But how could he assist Diem in setting up a unified nationalist
government in the south when none of the hundreds of sects, with their
clandestine organizations, competing ideologies and armed camps, were
interested in supporting a new government? Lansdale knew that Diem
initially controlled virtually nothing and needed to quickly solidify
his grip on power and improve the functioning of his government.
Realizing that the army was the strongest and the only unifying factor
in bringing a nationalist government to Vietnam, Lansdale set to work,
conferring with officials such as Defense Minister Phan Huy Quat and
General Nguyen Van Hinh, chief of staff of the Vietnamese National Army.

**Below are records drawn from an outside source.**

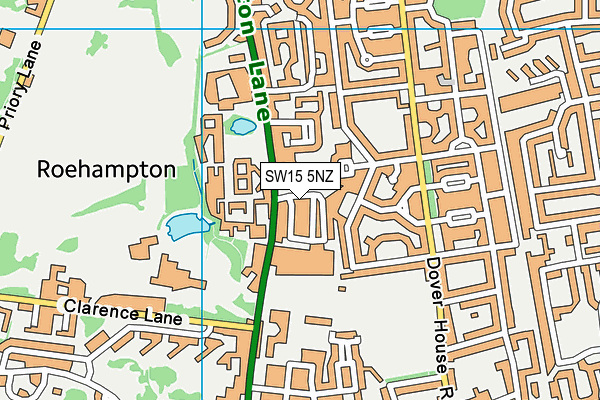 SW15 5NZ map - OS VectorMap District (Ordnance Survey)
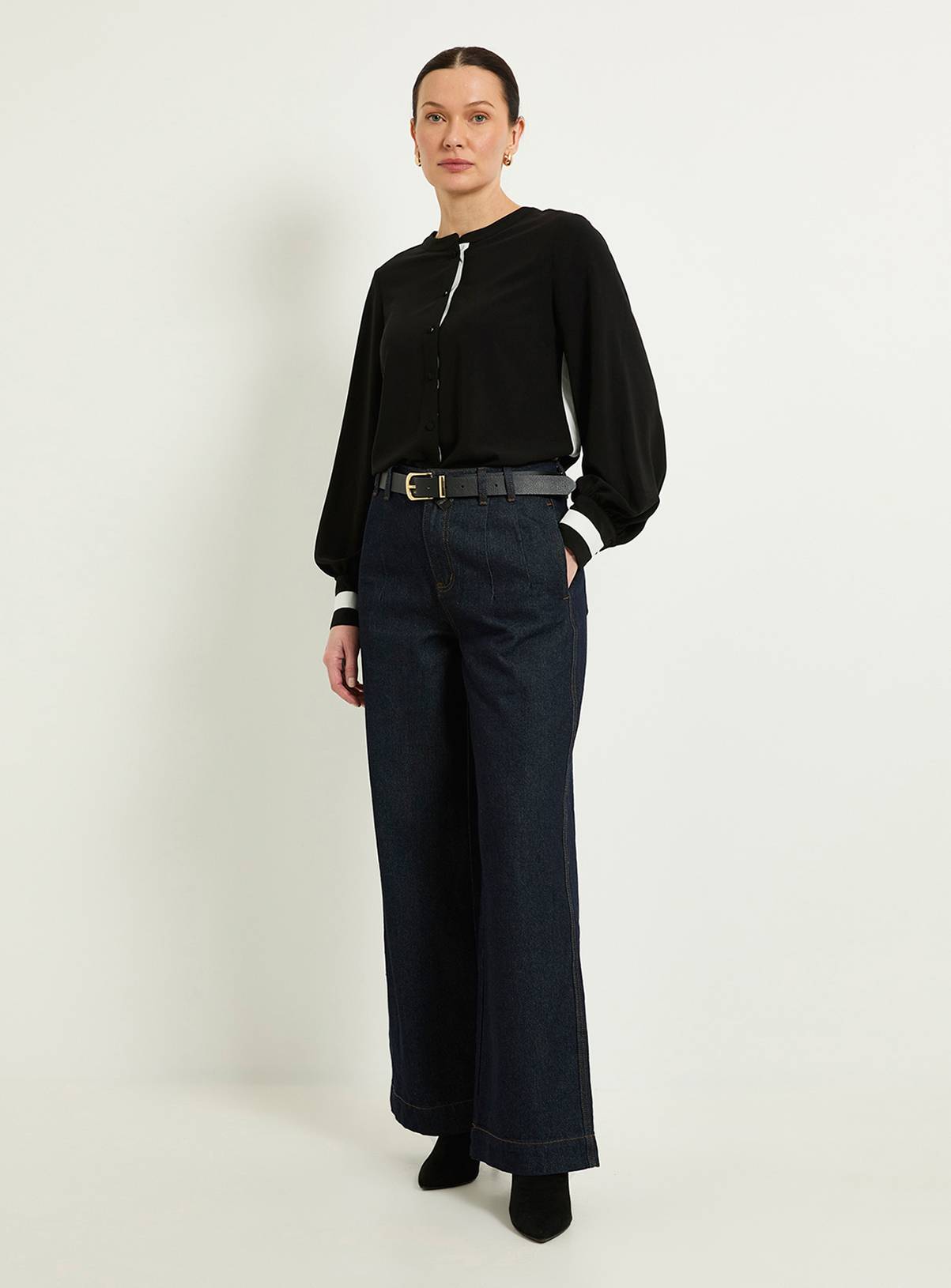 WALLIS Contrast Stripe Buttoned Blouse 10 - Image 2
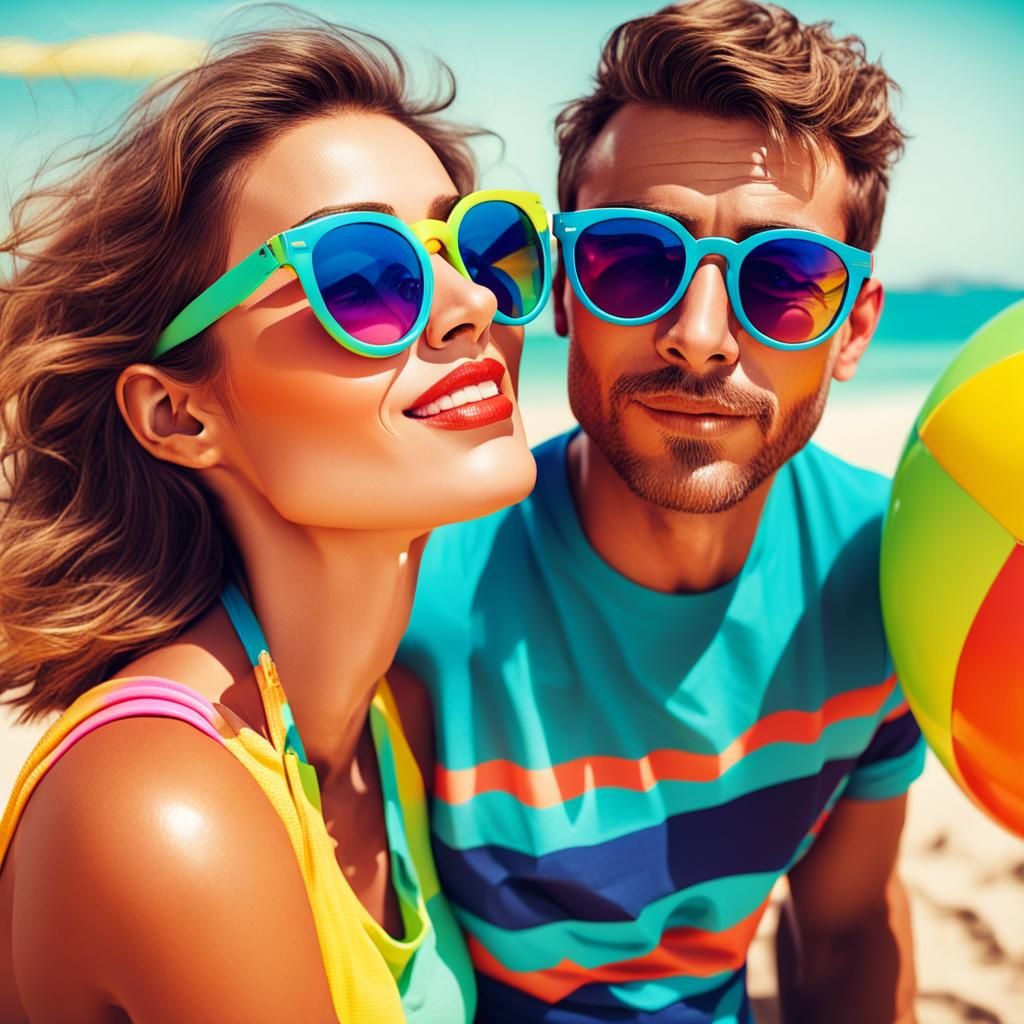 Loving Couple Embracing in Pop Art Style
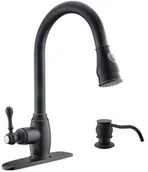 Baterie kuchenne - Bateria kuchenna retro LYME srebrna mat wyciągana wylewka z dozownikiem - czarny - miniaturka - grafika 1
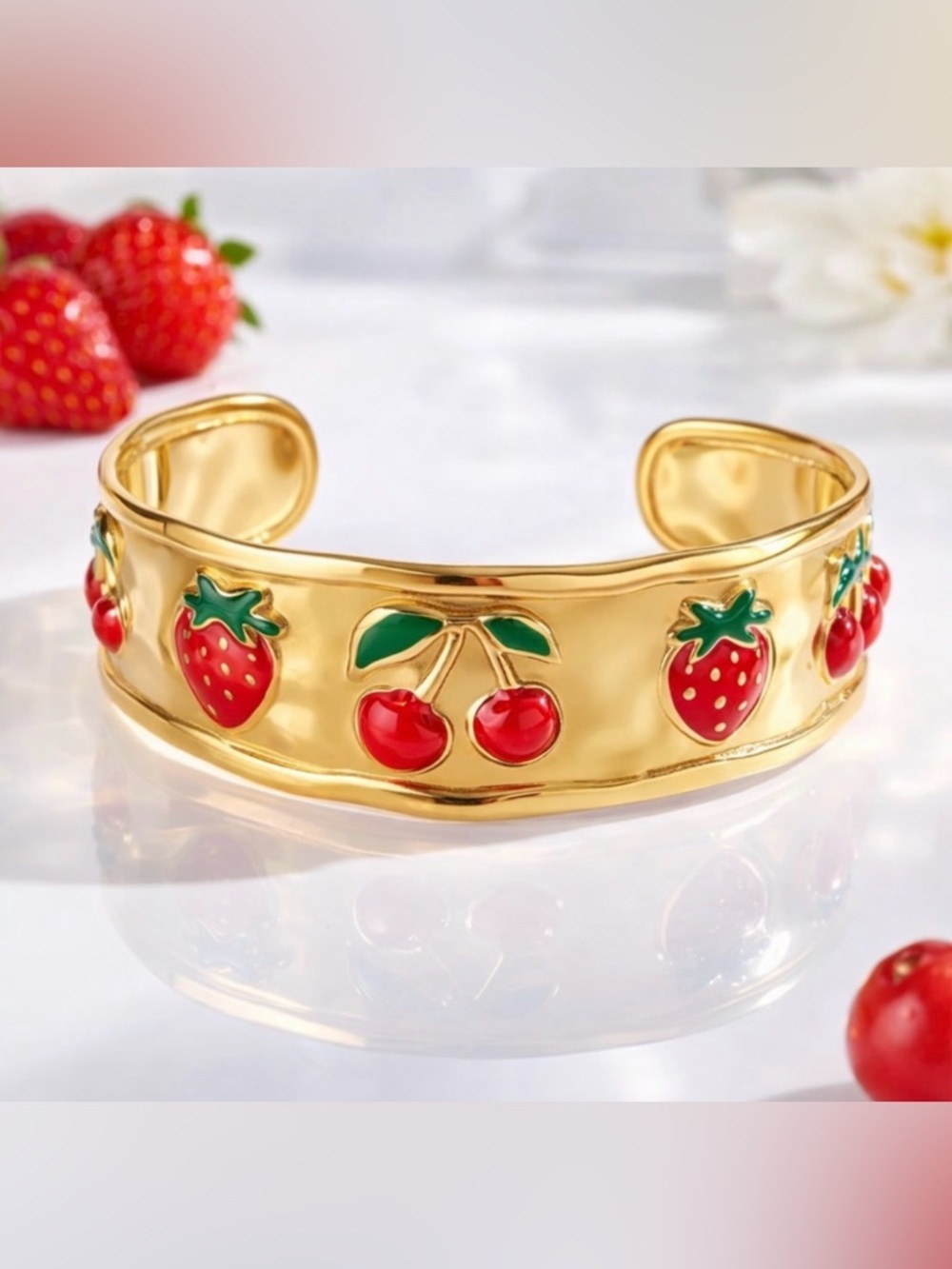 Fruit Gold Bracelet with Cherry and Strawberry Accents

Lansdale became an unofficial adviser to Captain Pham Xuan Giai, head
of the 5th Bureau (G-5), the psychological warfare department of the
Vietnamese army general staff, and immediately set about to establish a
school to train the Vietnamese troops in psywar as well as to enhance
their image among the Vietnamese people.
Lansdale fervently believed it was necessary for Diem's government to
appeal directly to the Vietnamese population, and he planned to employ
classic psywar tactics to enhance those efforts. "If the Viet Minh have
sold the idea of being anti-French, the Vietnamese can sell the idea of
being anti-Chinese and prove that the Viet Minh are controlled by
Chinese," he had written in a memorandum. Lansdale was convinced that
the Viet Minh had waged a successful psychological campaign by
word-of-mouth, and he was determined to counteract it through the use of
his own word-of-mouth rumors, black leaflets and other psywar methods.
The colonel also believed that he would be able to convert many of the
Vietnamese who had fought with the Viet Minh against the French but who
didn't necessarily want to be Communist—they just wanted French rule to
end.
Meanwhile, at the Geneva Conference, the French and the Communists
finally reached an accommodation on July 21, 1954. With the effective
cease-fire date of August 11, the U.S. military personnel ceiling was to
be frozen at its existing number. Lansdale had to scramble to beat the
deadline to beef up his SMM. Word quickly went out and 17 additional CIA
officers were recruited, including Army Lt. Col. Gordon Jorgenson as
Lansdale's second-in-command. Many of these recruits held rank in the
U.S. military as well as the CIA and had experience in paramilitary and
clandestine intelligence operations, but, as Lansdale grumbled, none
besides him had served in psywar operations.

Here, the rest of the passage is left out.